Coyote Logistics, a wholly owned subsidiary of UPS Inc. (NYSE: UPS), is expected to announce Friday that it will lay off approximately 200 people, according to people familiar with the matter.
It was not immediately clear where the layoffs will occur. At the end of January, rumors spread that layoffs would be concentrated on Coyote’s Large Enterprise operations teams, the staff who are dedicated to Coyote’s largest shipper accounts. Significantly lower truckload volumes at Coyote, which sources said dropped from over 8,000 non-UPS loads per day to approximately 6,100 non-UPS loads per day over the past year, meant that operations teams were underutilized.
But sources spoke to FreightWaves about a conflict between Coyote and UPS management regarding which employees would be terminated, delaying the layoff until Feb. 16. The first list that Coyote’s middle managers generated was adjusted and broadened to conform to UPS’ diversity, equity and inclusion mandate that underrepresented groups were not to be disproportionately impacted by the cuts. “Low performers” across all divisions, not limited to mostly Large Enterprise, will be affected by Friday’s cut, with an emphasis on non-revenue-generating cost centers like IT and operations.
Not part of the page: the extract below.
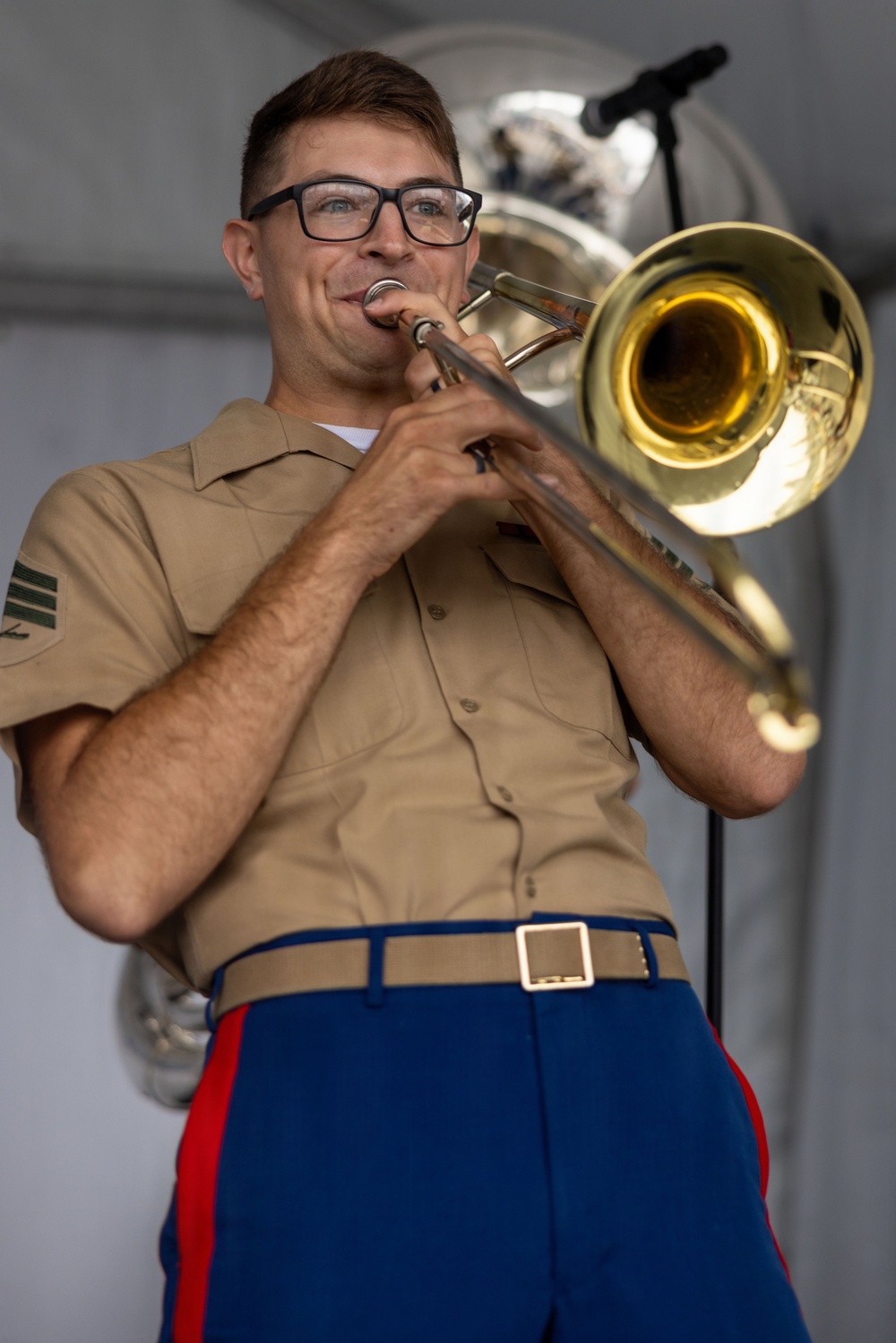 2nd Marine Division and Coast Guard Band Perform at the Intrepid Museum during INR 250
In 2015, UPS acquired Coyote for $1.8 billion, about one times revenue that year. Since then, Coyote has doubled in size, with estimated 2022 revenue of $3.8 billion. Coyote’s revenue story hasn’t always been up and to the right, though: 2022 revenue was markedly lower than 2021’s $4.7 billion.
In the past several years, UPS corporate management has made a series of changes to the brokerage, including reducing incentive-based compensation, removing carrier reps’ visibility into their margins per load and aggressively enforcing noncompete clauses — even against non-revenue-generating employees like carrier reps — in an attempt to reduce churn and control costs.
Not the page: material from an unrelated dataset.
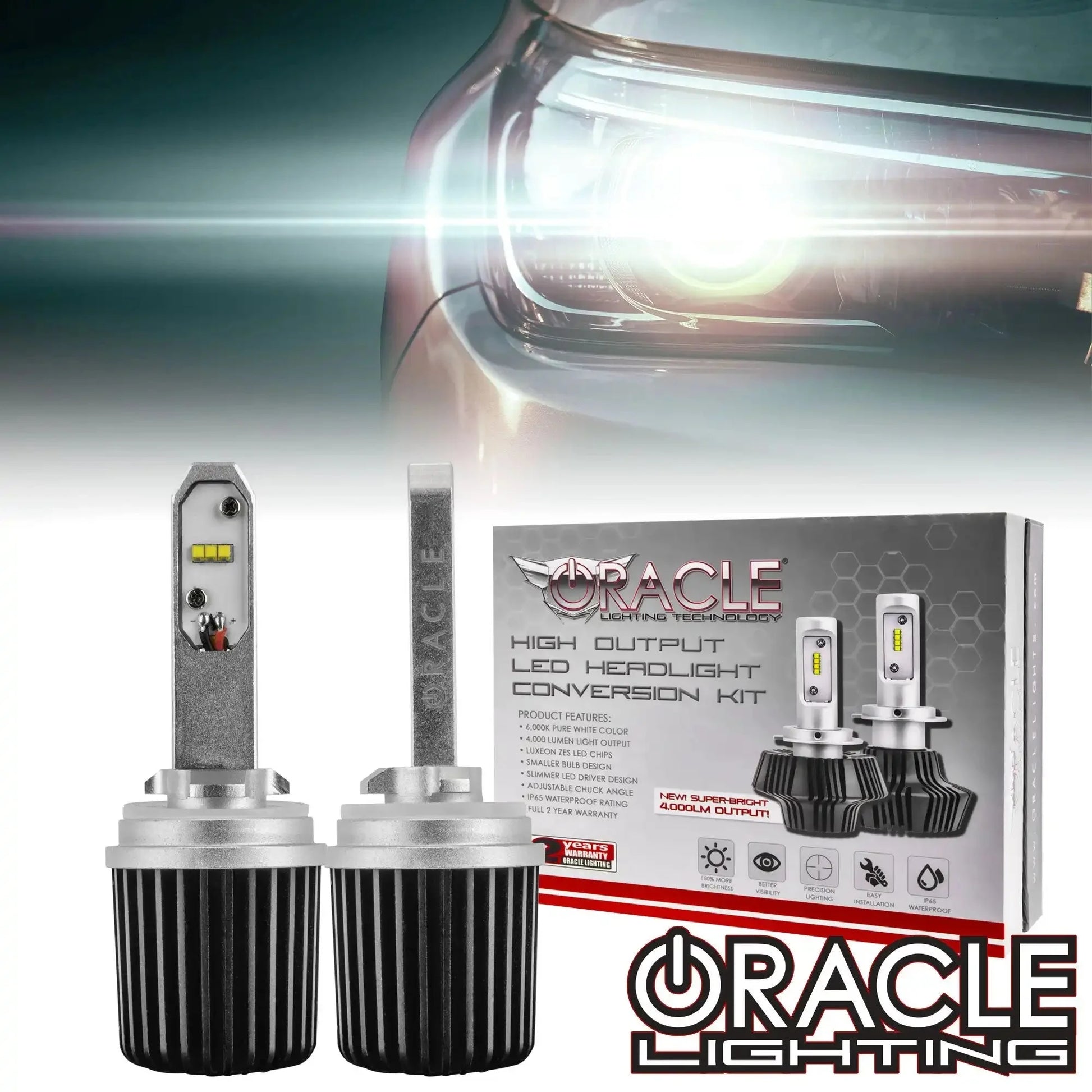 ORACLE Lighting 880/881/H27 - 4,000+ Lumen LED Light Bulb Conversion Kit (High Beam) by ORACLE Lighting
In 2020, Coyote laid off 55 people — 30 IT workers from its Chicago headquarters and 25 carrier representatives at its Chattanooga office.
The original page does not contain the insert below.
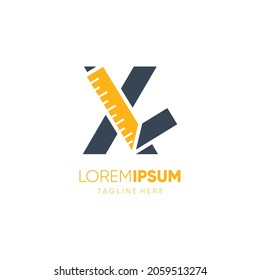 Letter X Ruler Logo Design Vector Graphic Icon Emblem Illustration Background Template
The layoffs at Coyote come at a time of widespread reductions in head count across the transportation and logistics industry. On Thursday, digital freight platform Convoy announced it will be restructuring, leading to an undisclosed number of layoffs. Last November, C.H. Robinson laid off about 650 employees as a part of a cost-saving measure pushed by activist investors that ultimately led to the ouster of CEO Bob Biesterfeld in January. Later in January, Uber Freight laid off approximately 150 employees, about 3% of its workforce.